Exercise aim:
When you reach the line containing "WROGN Rust Solid/Plain" in the data below, begin returning lines exactly as written, and stop once the line containing "photo of young" has been returned.

Saved data entries:
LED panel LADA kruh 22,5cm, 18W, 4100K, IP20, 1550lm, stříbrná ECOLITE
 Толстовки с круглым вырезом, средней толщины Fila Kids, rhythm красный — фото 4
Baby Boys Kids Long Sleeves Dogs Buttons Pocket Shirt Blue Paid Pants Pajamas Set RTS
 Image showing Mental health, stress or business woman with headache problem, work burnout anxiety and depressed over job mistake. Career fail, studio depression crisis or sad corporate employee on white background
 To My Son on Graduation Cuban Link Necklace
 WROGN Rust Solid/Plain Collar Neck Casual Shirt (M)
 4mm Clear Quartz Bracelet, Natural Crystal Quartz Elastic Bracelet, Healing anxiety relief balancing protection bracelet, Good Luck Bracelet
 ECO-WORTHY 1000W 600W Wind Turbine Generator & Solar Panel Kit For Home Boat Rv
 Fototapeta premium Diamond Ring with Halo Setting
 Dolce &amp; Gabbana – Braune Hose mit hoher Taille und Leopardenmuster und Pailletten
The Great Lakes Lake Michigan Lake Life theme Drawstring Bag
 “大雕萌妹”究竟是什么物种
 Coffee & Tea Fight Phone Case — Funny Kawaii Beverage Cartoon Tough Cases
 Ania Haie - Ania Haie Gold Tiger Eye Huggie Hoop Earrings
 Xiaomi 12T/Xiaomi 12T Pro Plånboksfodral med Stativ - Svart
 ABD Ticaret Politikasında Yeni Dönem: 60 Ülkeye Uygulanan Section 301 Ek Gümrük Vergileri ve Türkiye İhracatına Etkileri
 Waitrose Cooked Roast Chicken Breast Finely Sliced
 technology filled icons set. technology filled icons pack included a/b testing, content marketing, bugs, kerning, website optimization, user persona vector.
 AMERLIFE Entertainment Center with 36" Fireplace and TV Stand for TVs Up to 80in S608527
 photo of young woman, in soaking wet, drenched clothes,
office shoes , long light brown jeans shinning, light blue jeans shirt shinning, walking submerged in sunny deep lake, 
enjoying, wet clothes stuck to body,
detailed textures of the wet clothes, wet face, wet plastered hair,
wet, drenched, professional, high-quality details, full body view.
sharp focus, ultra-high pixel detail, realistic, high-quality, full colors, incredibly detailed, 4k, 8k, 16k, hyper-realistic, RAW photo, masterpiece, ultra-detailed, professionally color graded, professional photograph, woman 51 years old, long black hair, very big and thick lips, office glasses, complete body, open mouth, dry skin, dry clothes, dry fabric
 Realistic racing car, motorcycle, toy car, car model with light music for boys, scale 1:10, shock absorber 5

Solution to the problem:
 WROGN Rust Solid/Plain Collar Neck Casual Shirt (M)
 4mm Clear Quartz Bracelet, Natural Crystal Quartz Elastic Bracelet, Healing anxiety relief balancing protection bracelet, Good Luck Bracelet
 ECO-WORTHY 1000W 600W Wind Turbine Generator & Solar Panel Kit For Home Boat Rv
 Fototapeta premium Diamond Ring with Halo Setting
 Dolce &amp; Gabbana – Braune Hose mit hoher Taille und Leopardenmuster und Pailletten
The Great Lakes Lake Michigan Lake Life theme Drawstring Bag
 “大雕萌妹”究竟是什么物种
 Coffee & Tea Fight Phone Case — Funny Kawaii Beverage Cartoon Tough Cases
 Ania Haie - Ania Haie Gold Tiger Eye Huggie Hoop Earrings
 Xiaomi 12T/Xiaomi 12T Pro Plånboksfodral med Stativ - Svart
 ABD Ticaret Politikasında Yeni Dönem: 60 Ülkeye Uygulanan Section 301 Ek Gümrük Vergileri ve Türkiye İhracatına Etkileri
 Waitrose Cooked Roast Chicken Breast Finely Sliced
 technology filled icons set. technology filled icons pack included a/b testing, content marketing, bugs, kerning, website optimization, user persona vector.
 AMERLIFE Entertainment Center with 36" Fireplace and TV Stand for TVs Up to 80in S608527
 photo of young woman, in soaking wet, drenched clothes,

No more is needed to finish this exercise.